▶ [Problem details]: Please reproduce the lines of the records below from the one holding "Mayos se lleva la serie completa." through the one holding "2015-komatsu-pc210-lc-image-72", inclusive, skipping all pictures.

***** Exercise input *****

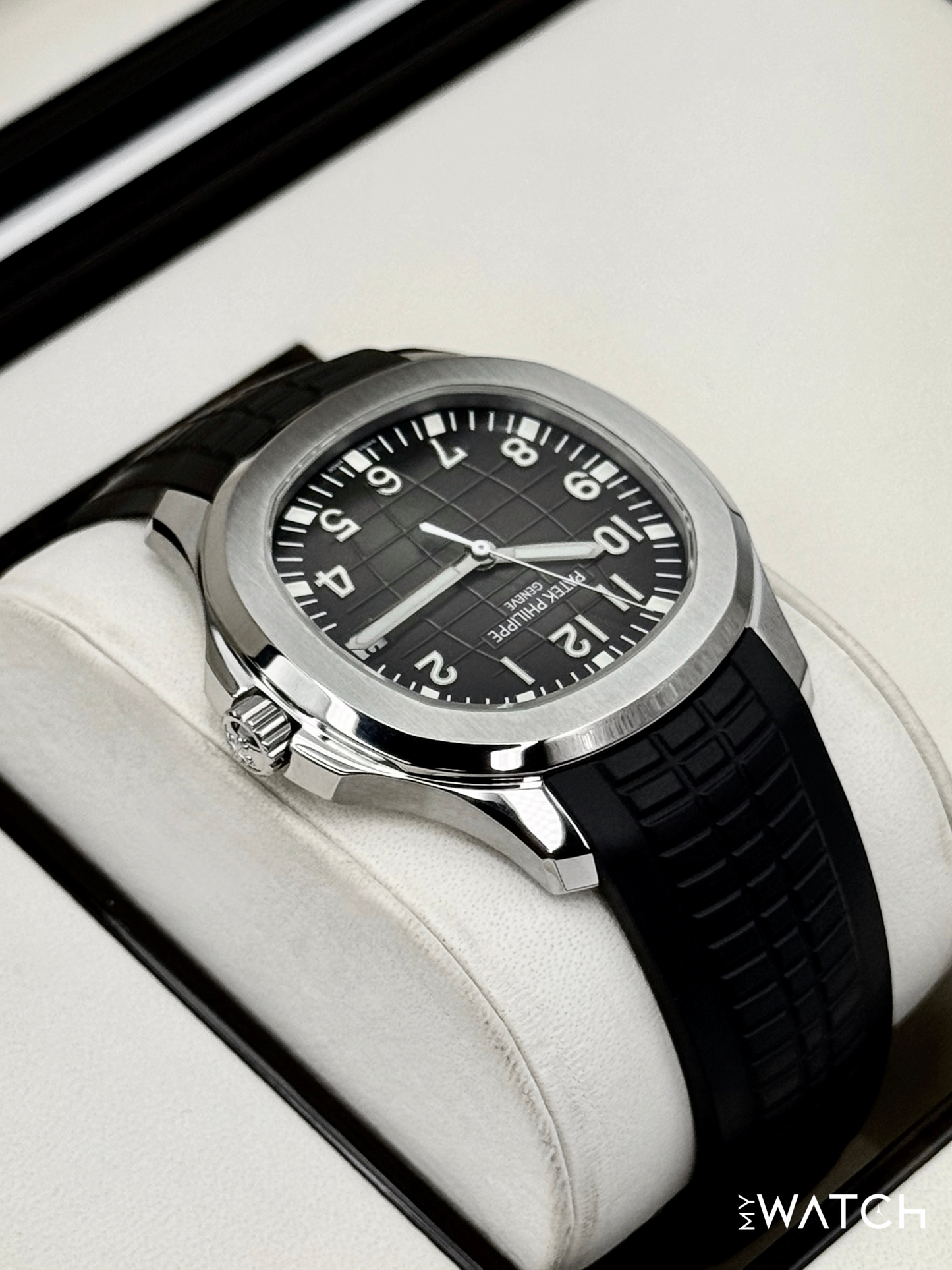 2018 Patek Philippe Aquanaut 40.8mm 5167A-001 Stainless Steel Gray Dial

*****
***** Exercise input *****

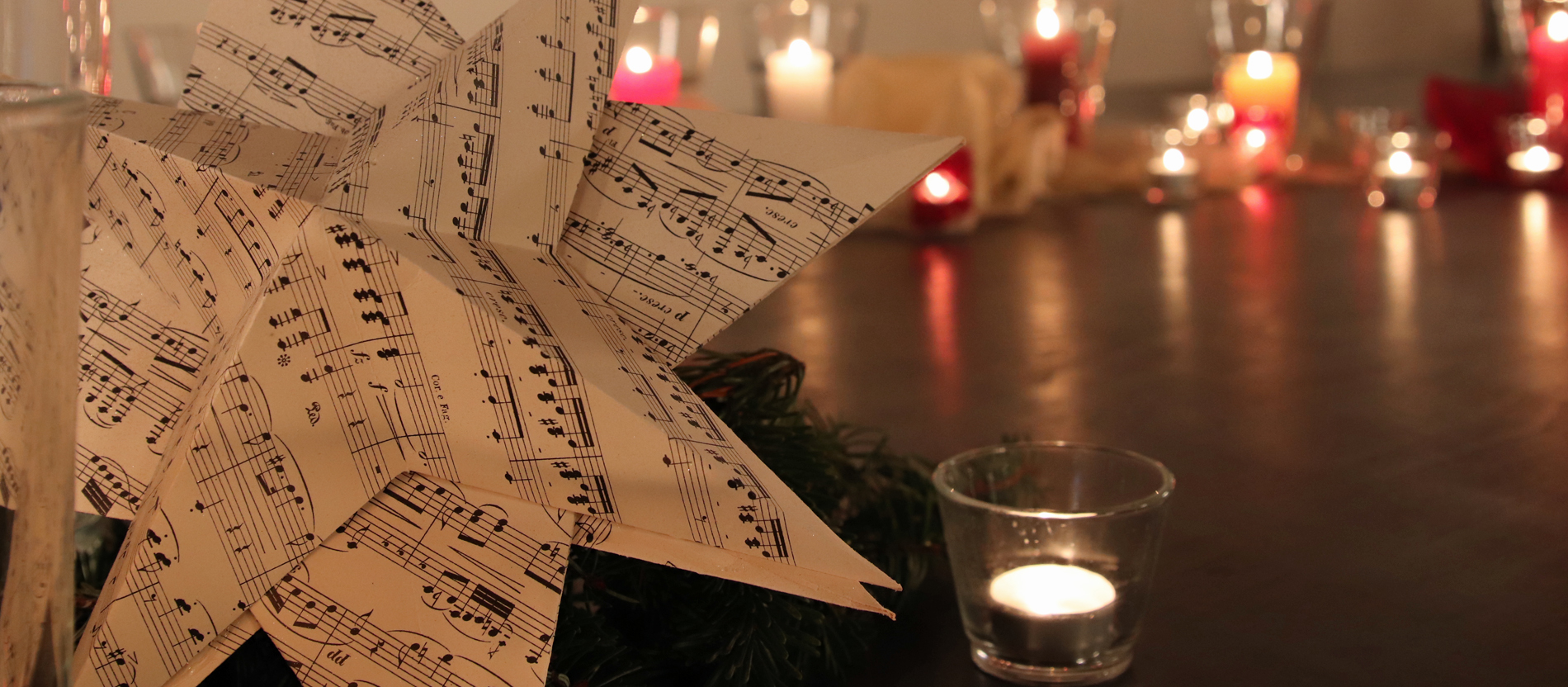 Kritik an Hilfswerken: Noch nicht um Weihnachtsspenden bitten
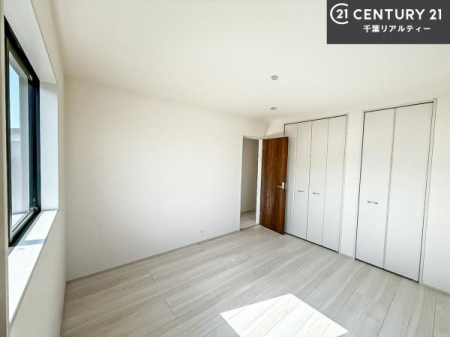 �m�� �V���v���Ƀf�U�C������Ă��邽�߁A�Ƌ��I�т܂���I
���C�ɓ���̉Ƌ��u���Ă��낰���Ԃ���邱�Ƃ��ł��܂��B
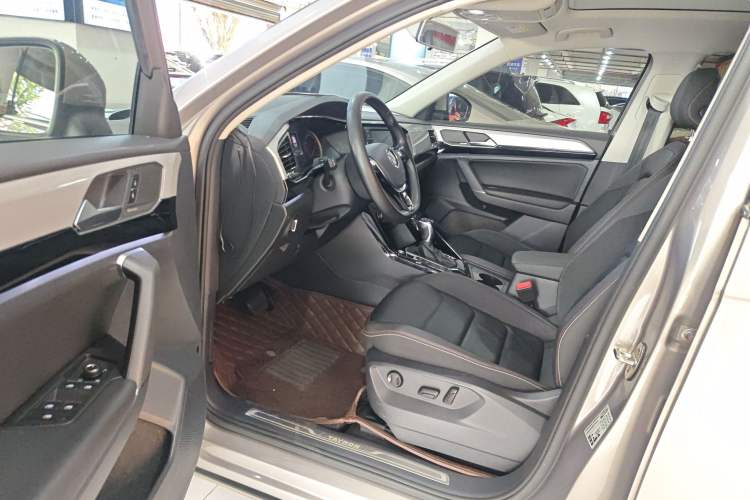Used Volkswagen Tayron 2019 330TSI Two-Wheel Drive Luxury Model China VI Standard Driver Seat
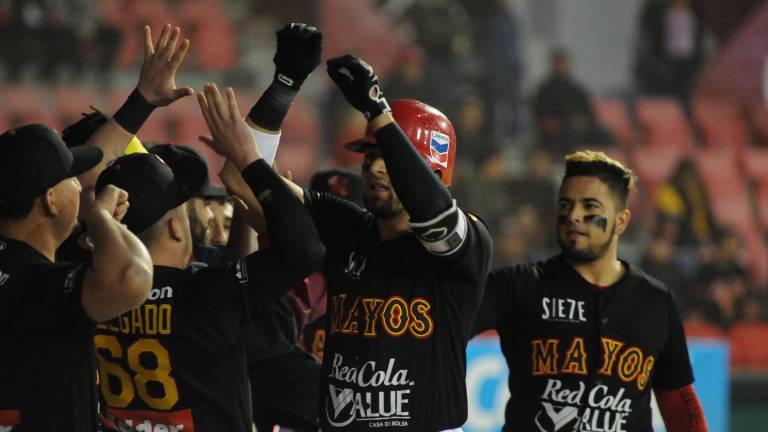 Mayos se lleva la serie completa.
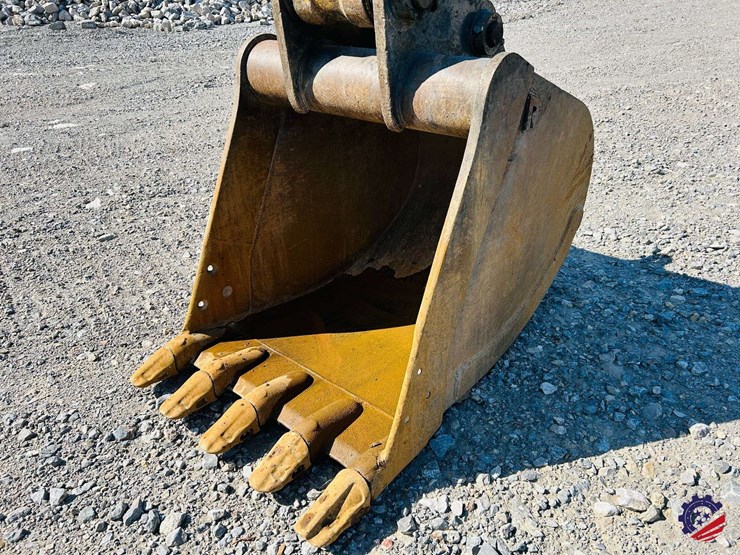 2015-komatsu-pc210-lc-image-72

*****

▶ [Task answer]:
 Mayos se lleva la serie completa.
 2015-komatsu-pc210-lc-image-72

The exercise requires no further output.